Command-specific options: The mrbayes_setup function incorporates multiple options (-mcmc_gen, -mcmc_chains, -mcmc_temp, -mcmc_burnin) for permitting the user to alter variables within the MrBayes command block (Fig. 6b-d). The mcmc_gen option sets the number of generations for the phylogenetic reconstruction and should be increased from the default value of 200,000 if previous attempts failed to converge. The remaining options have the following recommended settings by default: mcmc_chains i.e. the number of chains (default = 4), mcmc_temp i.e. the temperature of the heated chain (default = 0.2), and mcmc_burnin, i.e. the burn-in percentage respectfully (default = 0.25).

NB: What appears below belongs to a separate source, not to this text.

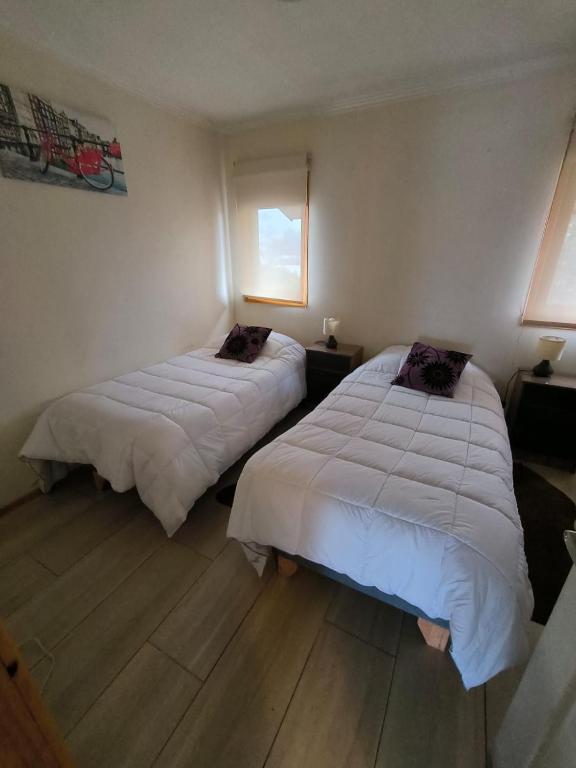 Postel nebo postele na pokoji v ubytování APART HOTEL EN BULNES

$ python vespa.py mrbayes_setup –input=USR_INPUT –model_list=MODEL_DATA -mcmc_gen=100000
$ python vespa.py mrbayes_setup –input=USR_INPUT –model_list=MODEL_DATA -mcmc_chains=6
$ python vespa.py mrbayes_setup –input=USR_INPUT –model_list=MODEL_DATA -mcmc_temp=0.3
$ python vespa.py mrbayes_setup –input=USR_INPUT –model_list=MODEL_DATA -mcmc_burnin=0.3

Overview of mrbayes_setup.

_images/mrbayes_setup.png

The MrBayes input file is described as follows: (a) The NEXUS file is separated into two blocks, a sequence alignment block and a MrBayes command block. (b) The specific commands within the MrBayes command block are each assigned default values (in bold) based on recommend values and previous commands. (c) The commands lset and prset by default are automatically assigned by VESPA from the best_supported_models.csv file (see Empirical model selection functions) specified by the model_list option. (d) The remaining commands are assigned based on recommended values, but may configured by the user is desired.